As we were discussing yesterday in class, Karl Weick’s work is an influential example of the open systems approach.  On the spot, I tried to get us to think of examples of retrospective rationalizing.  My memory is that it was…painful.  And that pained me as Weick is influential because his ideas are original and relevant.  They always keep you on your toes as a thinker.

In grad school, it was a treat to read The Social Psychology of Organizing (still in print since 1967!!).  Not least because he pointeClick to enlarged out that organizations are never stable.  They are always organizing.  And because he used cartoons!  Like this one.  Weick also built his understanding of organizations from the cognitive, the individual, not from the structure down.

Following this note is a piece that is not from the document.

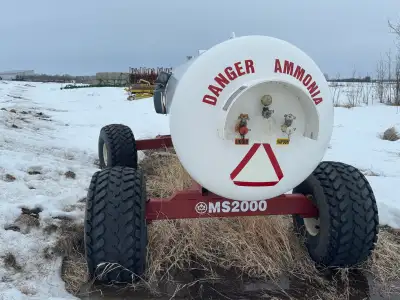 I am selling a used NH3 tank, a Maxfield Inc. MS2000 model built in 2008. This wagon tank has really...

What I took from our discussion was that there were two ideas Weick covers that we wanted to describe not in conceptual terms, but in empirical terms.  These were retrospective rationality and enacting the environment.  Retrospective rationality is the idea that we act in a myriad of ways and then “make sense” of our actions in cognitive and linguistic terms that attempt to make them rational.    This si not because humans are dumb or lazy.  We act and then think because the unending flow of activity of the world demands it of us.  The ways in which we act are also due to a myriad of past reasons and contingencies.  In other words, there are always more reasons we have acted or that may explain are actions than we need.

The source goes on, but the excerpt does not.